Legacy of the Ancestors is inherently more of a linear experience than the first campaign. The structure of the Arcology itself, with its locked doors, requires that kind of writing, but there are tradeoffs that come with that choice. When it goes well, you get the same hit of dopamine that you get from a Roguelike, the knowledge that an area previously inaccessible to you is now open for business. But that means the game runs a risk it never did in the Breath of the Wild-esque open world of the first campaign: you can get stuck. That doesn’t happen in the Earthborne Rangers I know and love. You don’t get “stuck.” You don’t feel like nothing is happening. If anything, the opposite problem is more common. You find yourself with too many boxes to check and not enough time in which to check them. The Valley is full of options and distractions. You inevitably go off course, but when you do, you veer onto a new path instead of into a ditch.

More than that, those sessions stumbling through the dark were, frankly, grueling. The Arcology is difficult. It’s easier to get hurt. The cards in the Path Deck are busier, with more token-based effects and more intra-card combos. I more regularly have to take a second to review what a card does when it comes onto the table. There’s more fiddliness. It’s easier to lose track of an effect, or to miss something. The table gets much more crowded, much more quickly. There’s a lot more sweating. That all adds to the overhead and makes it harder to lose yourself in the story and the world. I don’t mind Legacy of the Ancestors being a more difficult game than its predecessor, but I am thrown by the extent to which it feels more like a game, if you take my meaning.
Legacy of the Ancestors will appeal more to certain types of players than it did to my group. We love Earthborne Rangers for the sense of discovery and exploration, for the ability to travel pleasantly through a valley with the odd sudden explosion of difficulty. The structure and experience of Legacy of the Ancestors feel closer to Arkham Horror: The Card Game, a game in which losing is to be expected. There’s definitely an audience for that. And we still have quite a bit to explore. We’re only halfway through this campaign, and who knows what we’re going to find as we plumb further into the depths.
Here’s what I do know: Across 20-odd sessions of the first Earthborne campaign, it was rare to end a game without both Ryall and myself wanting to immediately start another game. Even if an episode was difficult, even if you went way off track, the game still felt rewarding and exciting. I end most Legacy of the Ancestors sessions having had a good time, but tired and ready to do something else. I recently picked up Spire in Bloom and Shadow of the Storm, the two smaller expansions that add new spaces and events onto the base campaign, and I find myself looking at those boxes with yearning, eager for the day when we finish Legacy and have the time to take the base game for another spin.
This is not, perhaps, the desired result.

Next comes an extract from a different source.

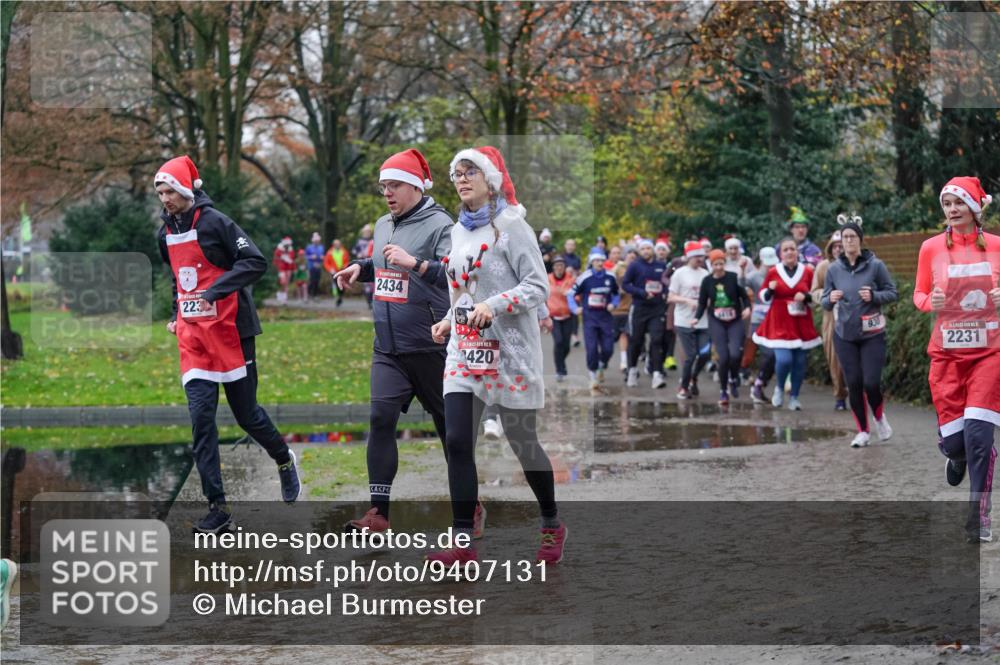 07.12.2025 - St. Pauli X-Mass-Run No. 15 Michael Burmester http://msf.ph/oto/9407131 07.12.2025 11:24:15 Laufen 223, 4, 2434, 420, 930, 2231 meine-sportfotos.de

Earthborne Rangers remains a best-in-class game. There are so many character builds to explore, and so many things left to achieve. The world on offer in this expansion is just as inventive and absorbing as the Valley, but it gets a little bogged down in mechanics. And while the first game lets you interact with the main story as much or as little as you want—you can intentionally play an entire game leaving the main story as something that happens around you rather than through you—this adventure puts you on more of a track. At least for the first chunk. I’d happily play Earthborne Rangers: Legacy of the Ancestors any time. But first I’d probably try to convince you to play another base campaign instead.